╭──
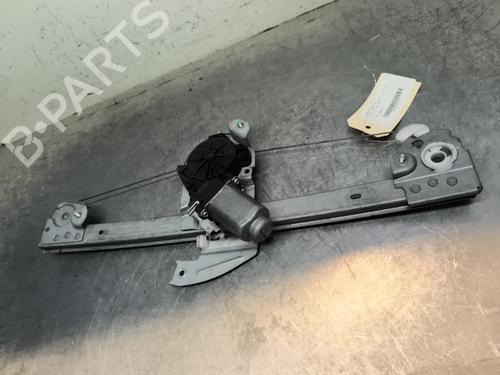 Used Front left window mechanism TOYOTA AYGO (_B1_) 1.0 (KGB10_, KGB10R) (68 hp) 31816044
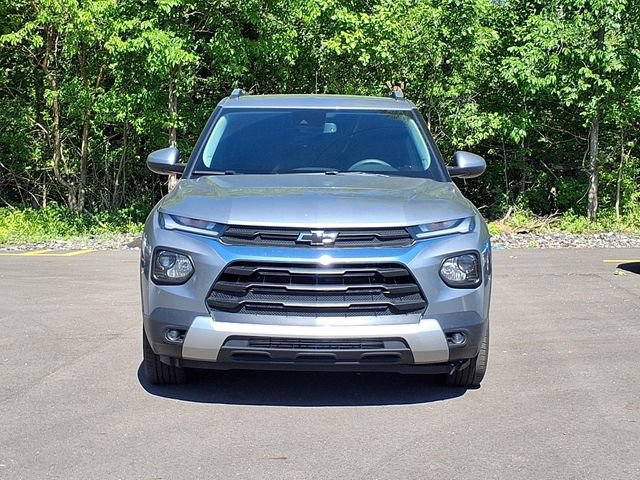 Used 2023 Chevrolet TrailBlazer LT w/ Convenience Package FWD image 4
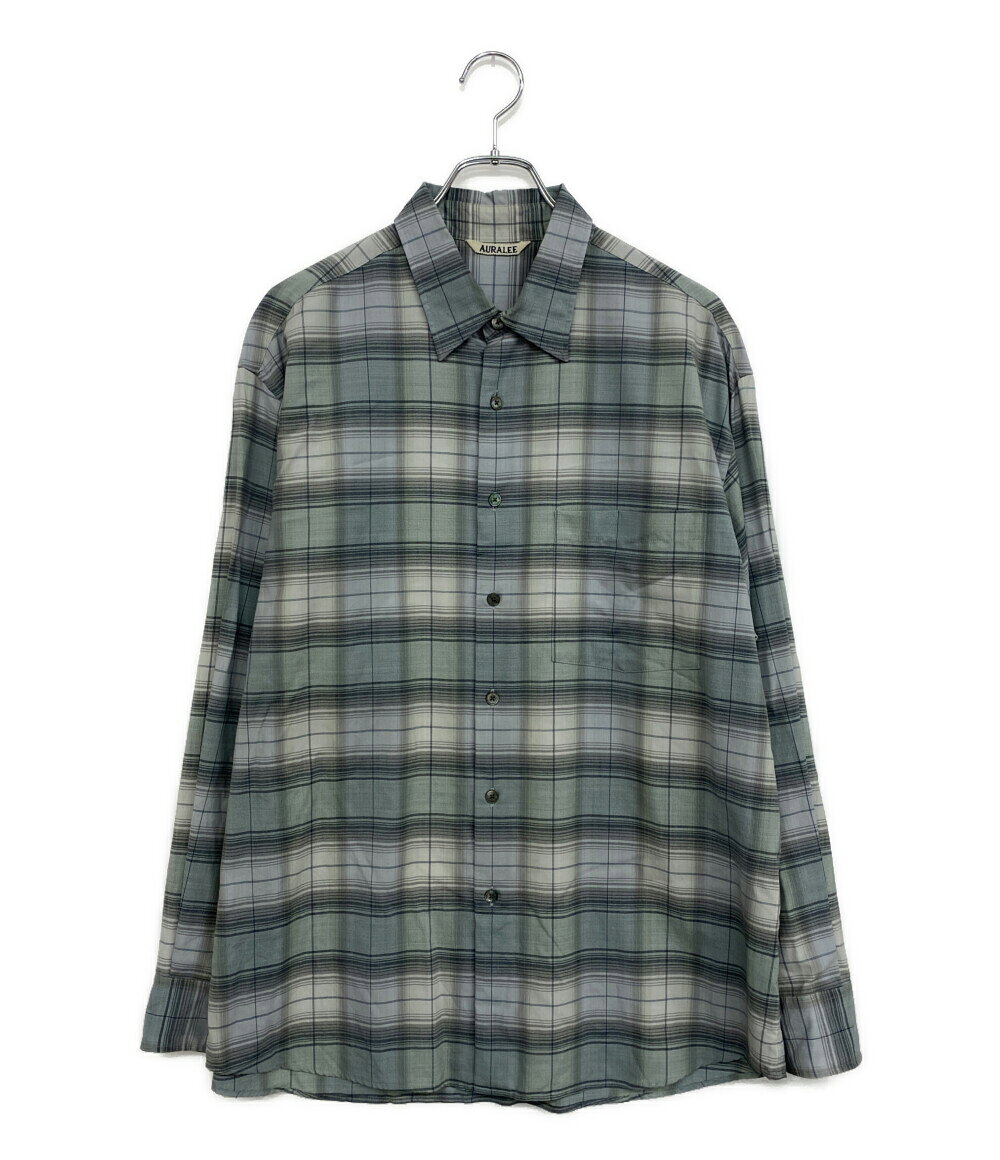 楽天市場】AURAlee（Tシャツ・カットソー｜トップス）：メンズ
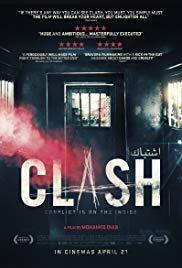 Subtitrare Clash (Eshtebak) (2016)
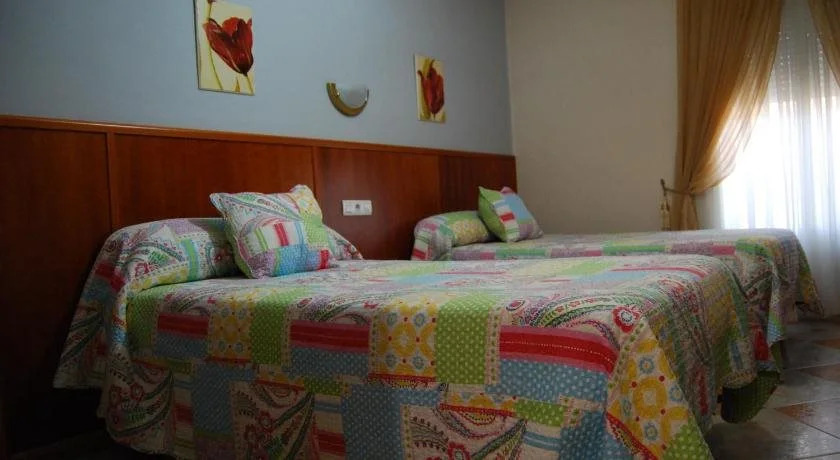 Hostal Pintor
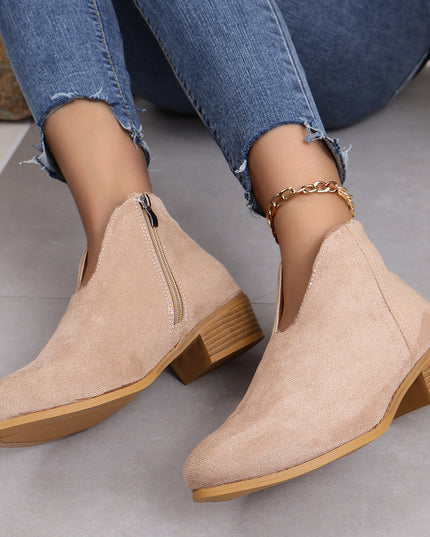 Viva – Risa Boots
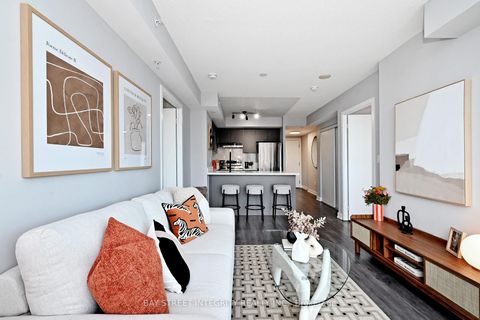 Photo 9 at 1701 - 5740 Yonge Street, Newtonbrook West, Toronto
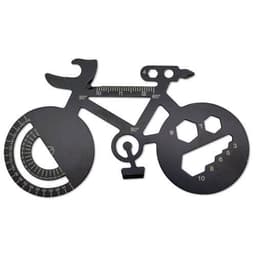 HERRAMIENTA MULTIFUNCION "BYLKE"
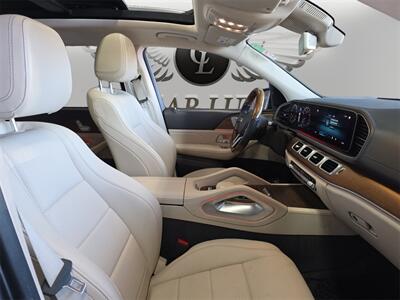2020 Mercedes-Benz GLS GLS 450 4MATIC®   - Photo 15 - Lennox, CA 90304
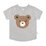 Huxbaby Furry Hux T-Shirt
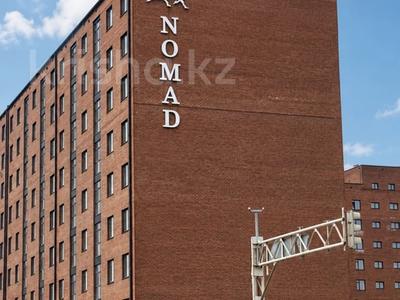 1-комнатная квартира · 47.7 м² · 6/9 этаж, Казправды 5а — жк Номад за ~ 16.2 млн ₸ в Павлодаре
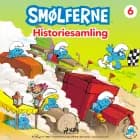 Smølferne 1958-1966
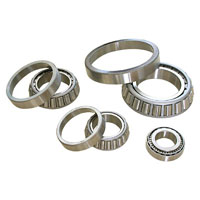 Tapered Roller Bearings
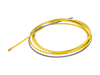 Канал направляющий СВАРОГ 5.5 м, сталь желтый (1.2-1.6) IIC0557
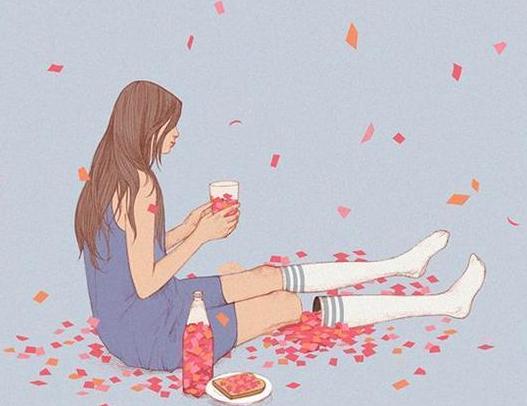 一位结婚女人的心声,一位已婚女人的心里话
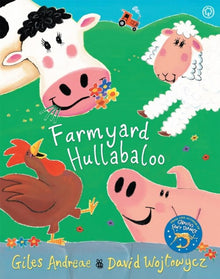 Farmyard Hullabaloo!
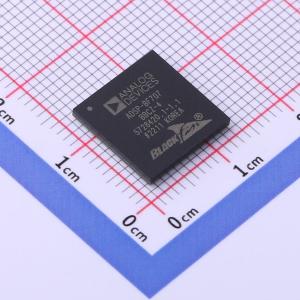 ADSP-BF707BBCZ-4商品缩略图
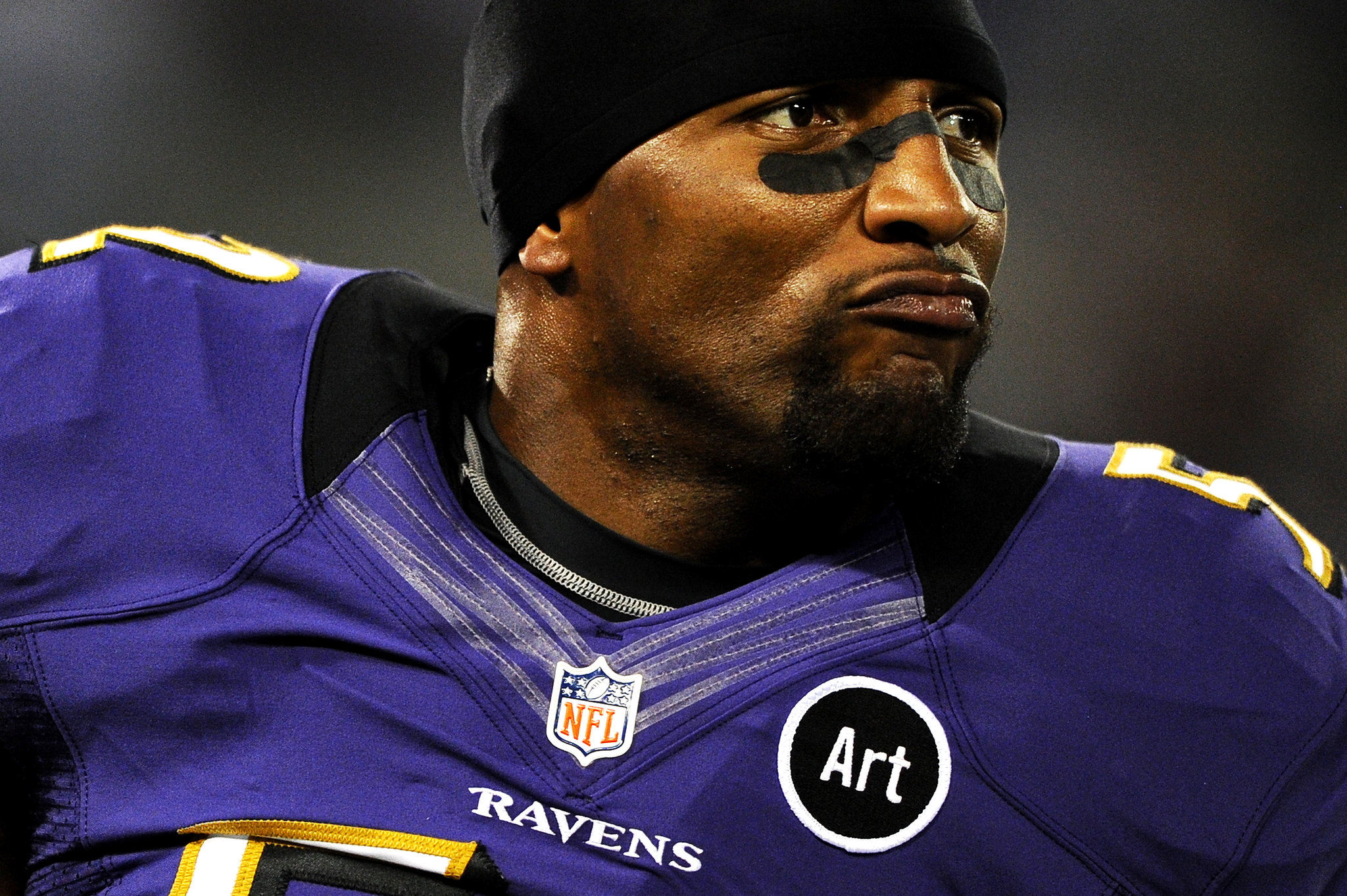 Ray Lewis Quotes About Football Quotesgram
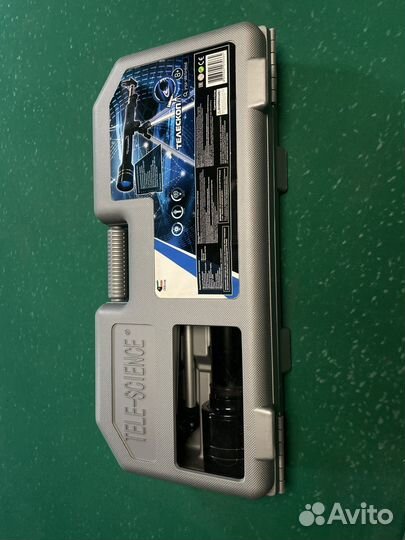 Телескоп tele-science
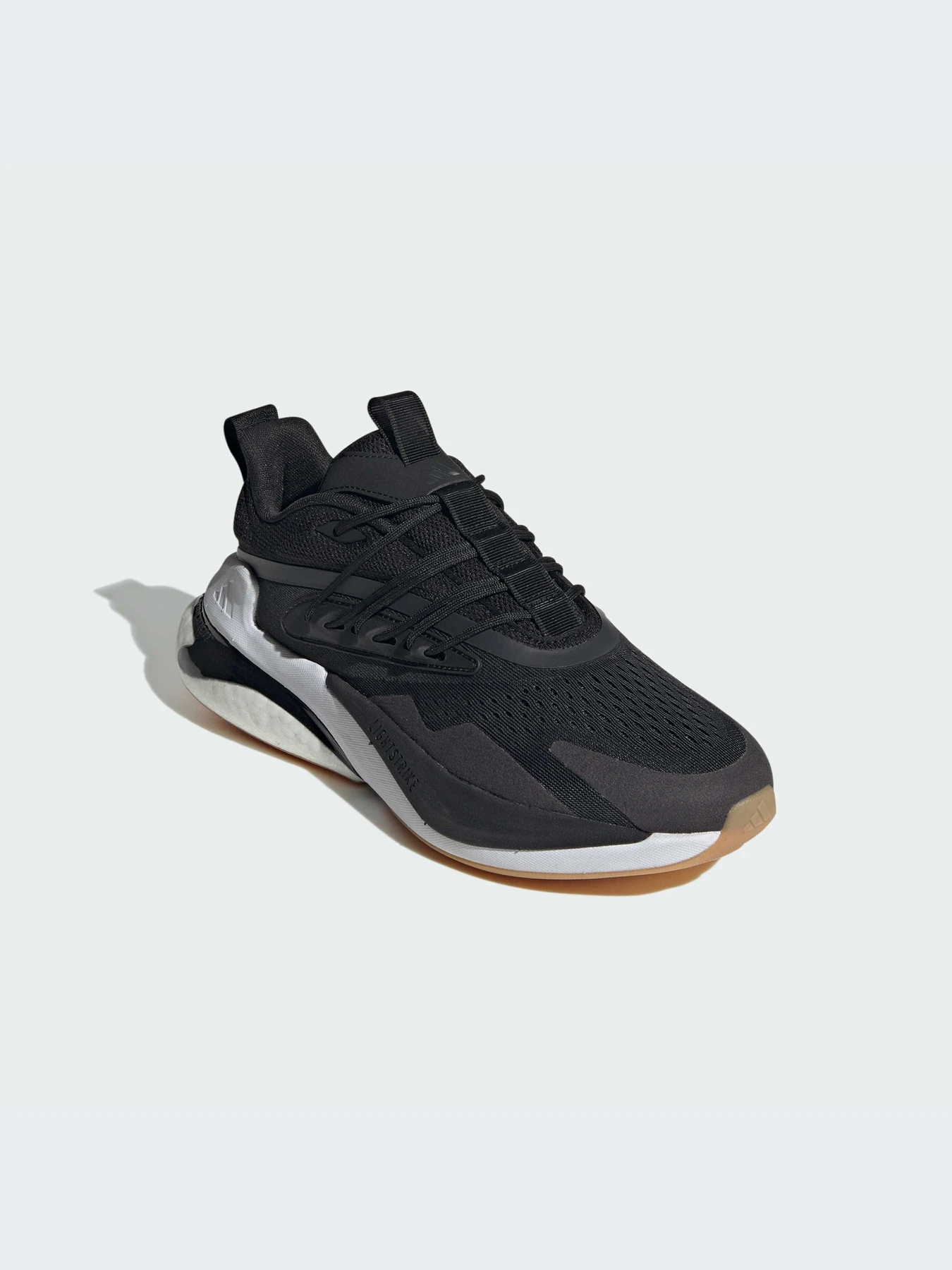 Кроссовки Adidas Alphabounce модель IE9155 Кроссовки Adidas Alphabounce модель IE9155 Фото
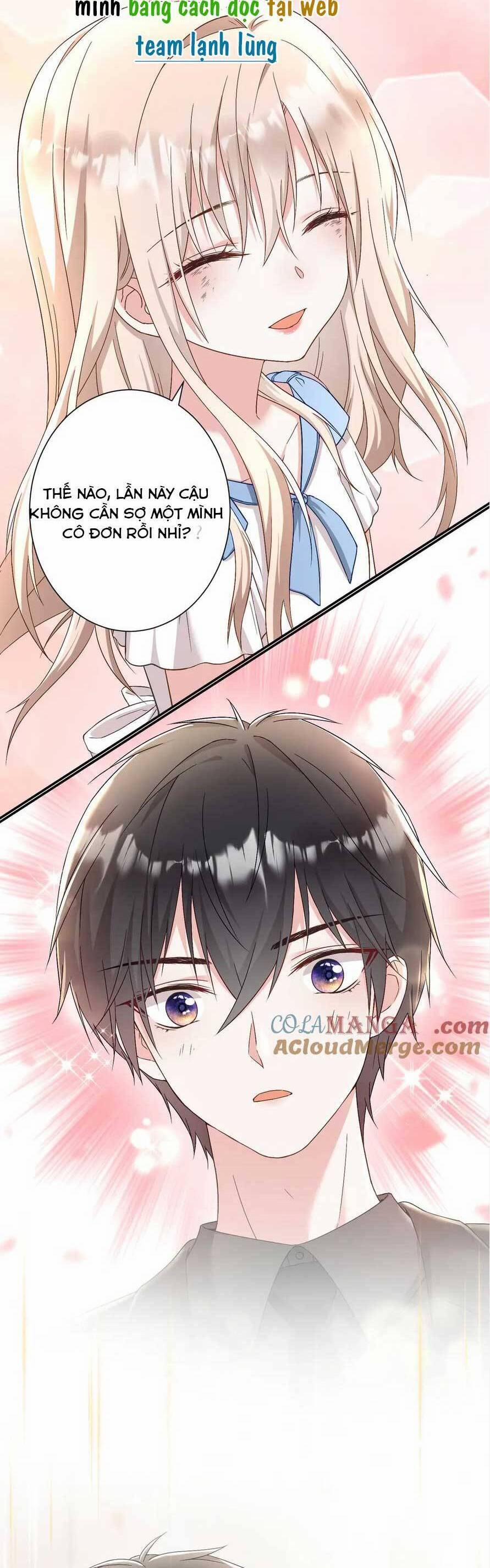 Thiên Kim Giàu Có Phát Điên Sau Khi Tái Sinh 34 trang 6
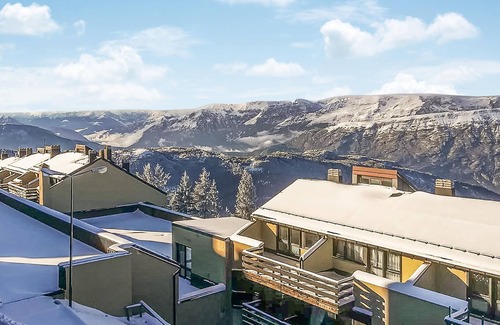 Vason Apartment | Cozy Vacation Apartment with Balcony in Northern Italy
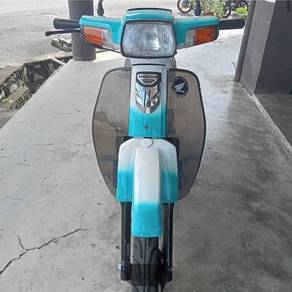Honda EX5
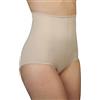 Selene Guaina Donna 906 Modellante Vita Alta in Microfibra. Tierra 60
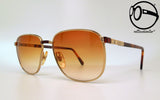 lino veneziani by u o l v 971 130 80s Vintage eyewear design: sonnenbrille für Damen und Herren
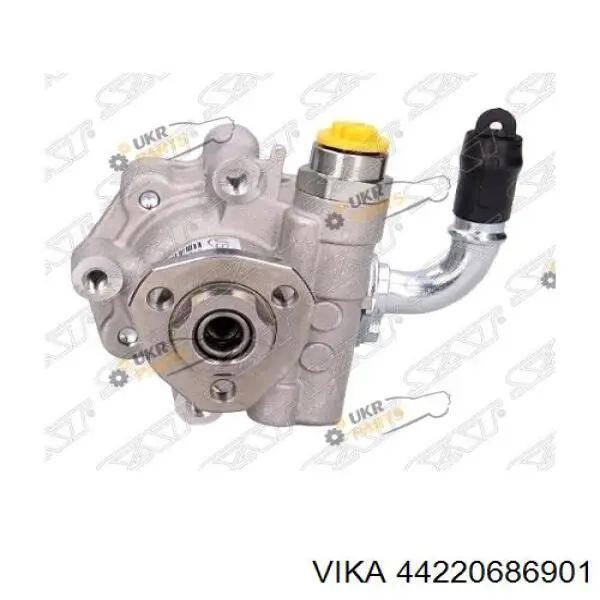Насос ГПК Vika 44220686901 ціна, від 82.85 USD
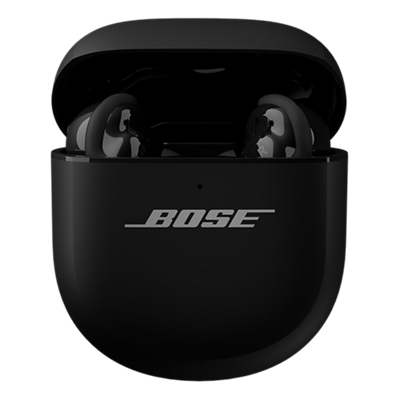 Bose QuietComfort Ultra Earbuds 2 - Black-slide-0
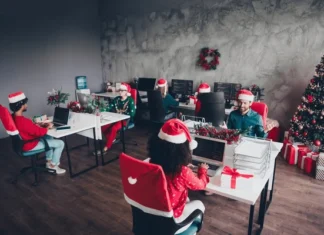 Δώρο Χριστουγέννων: Τι ισχύει για τους μισθωτούς του ιδιωτικού τομέα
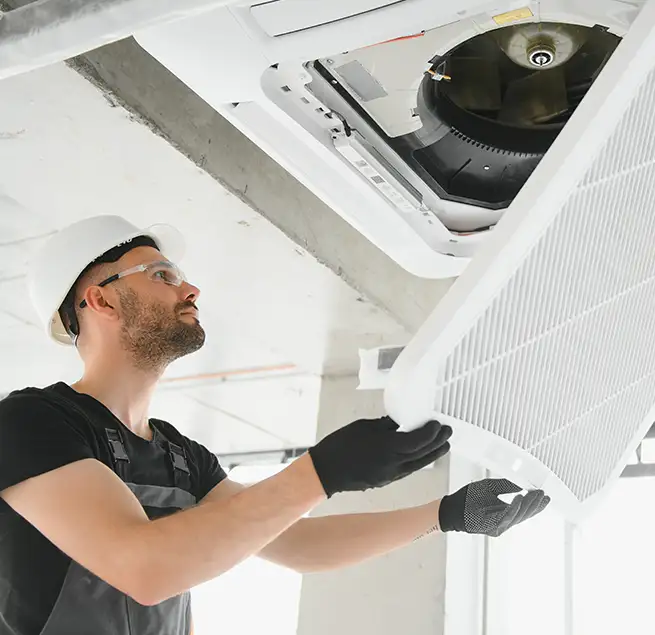 Why Homeowners & Businesses Trust Us in Lake Forest, IL?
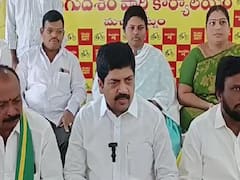 కమీషన్ల కోసం వైసీపీ నేతల కక్కుర్తి, బందరు పోర్టు నాశనం చేశారు: మాజీ మంత్రి కొల్లు రవీంద్ర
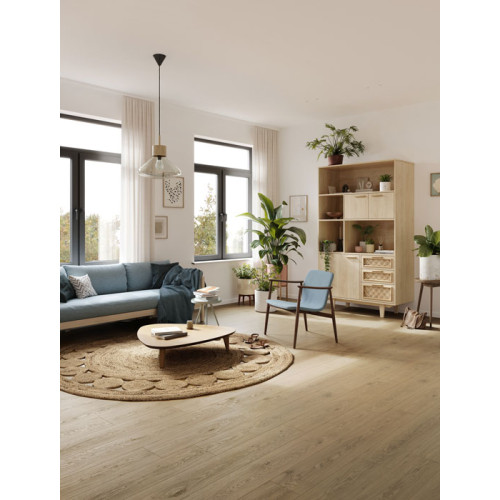 Ламинат Berry Alloc (32/8) Smartline Hydro V4 Lotus Oak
╰──
§ WORK INSTRUCTIONS
No pictures belong in the copy: reproduce exactly the lines above from the one that contains "Viva – Risa Boots" through the last line of the entries.

§ ANSWER BOX
 Viva – Risa Boots
 Photo 9 at 1701 - 5740 Yonge Street, Newtonbrook West, Toronto
 HERRAMIENTA MULTIFUNCION "BYLKE"
2020 Mercedes-Benz GLS GLS 450 4MATIC®   - Photo 15 - Lennox, CA 90304
 Huxbaby Furry Hux T-Shirt
 1-комнатная квартира · 47.7 м² · 6/9 этаж, Казправды 5а — жк Номад за ~ 16.2 млн ₸ в Павлодаре
 Smølferne 1958-1966
 Tapered Roller Bearings
 Канал направляющий СВАРОГ 5.5 м, сталь желтый (1.2-1.6) IIC0557
 一位结婚女人的心声,一位已婚女人的心里话
 Farmyard Hullabaloo!
 ADSP-BF707BBCZ-4商品缩略图
 Ray Lewis Quotes About Football Quotesgram
 Телескоп tele-science
 Кроссовки Adidas Alphabounce модель IE9155 Кроссовки Adidas Alphabounce модель IE9155 Фото
 Thiên Kim Giàu Có Phát Điên Sau Khi Tái Sinh 34 trang 6
 Vason Apartment | Cozy Vacation Apartment with Balcony in Northern Italy
Honda EX5
 Selene Guaina Donna 906 Modellante Vita Alta in Microfibra. Tierra 60
 lino veneziani by u o l v 971 130 80s Vintage eyewear design: sonnenbrille für Damen und Herren
Насос ГПК Vika 44220686901 ціна, від 82.85 USD
 Bose QuietComfort Ultra Earbuds 2 - Black-slide-0
 Δώρο Χριστουγέννων: Τι ισχύει για τους μισθωτούς του ιδιωτικού τομέα
 Why Homeowners & Businesses Trust Us in Lake Forest, IL?
 కమీషన్ల కోసం వైసీపీ నేతల కక్కుర్తి, బందరు పోర్టు నాశనం చేశారు: మాజీ మంత్రి కొల్లు రవీంద్ర
 Ламинат Berry Alloc (32/8) Smartline Hydro V4 Lotus Oak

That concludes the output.